De onde saiu o hino antigo da Fifa, de que tantos fãs de futebol gostavam – e porque ele foi trocado pela música do White Stripes

Por Bruno Vaiano Materia seguir SEGUIR Materia seguir SEGUINDO
Atualizado em 4 set 2024, 15h36 - Publicado em 25 jun 2018, 17h04

A memória afetiva do futebol está de luto: o hino da FIFA – aquela música com jeitão solene e triunfal que embala a entrada das seleções em campo desde a Copa do Mundo de 1994 – foi substituída na Rússia por Seven Nation Army, o clássico instantâneo lançado em 2003 pela dupla de rock raiz White Stripes.

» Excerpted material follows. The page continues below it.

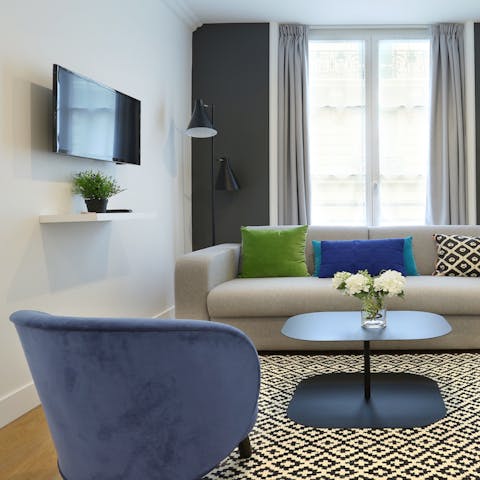 blue soft furnishings that add character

Os jornalistas de plantão não gostaram nada dessa história. No Estadão, o repórter Ciro Gomes comentou: “Passei vontade. A FIFA trocou a tradição do hino pomposo pela aposta em cativar os torcedores a cantarolarem uma melodia mais popular como aquecimento para o jogo”. Questionada pela Folha, a entidade falou que não volta atrás nem para pegar impulso: “a FIFA está extremamente satisfeita com a recepção do público e continuará atrás de iniciativas que ofereçam uma atmosfera mais festiva em estádios da Copa”. 

Na SUPER, o editor Tiago Jokura me chamou na mesa dele, magoado. “Dava uma sensação boa, sabe? Quando tocava aquela música, a gente sabia que era um jogo especial. Que era um jogo de Copa.” Daí ele sugeriu um texto discutindo a mudança. Bem, vamos a ele!

O tal hino da FIFA (que você pode ouvir aqui embaixo) foi composto por um músico alemão chamado Franz Lambert. Ele toca órgão absurdamente bem e já lançou dezenas de álbuns que eu só consigo definir como “música ambiente” – se você já entrou em um elevador na vida, é certeza que ouviu o cara. Ele usa um penteado digno do Richard Clayderman, paletós típicos da banda de apoio do Roberto Carlos e soa como um tecladista de baile da terceira idade.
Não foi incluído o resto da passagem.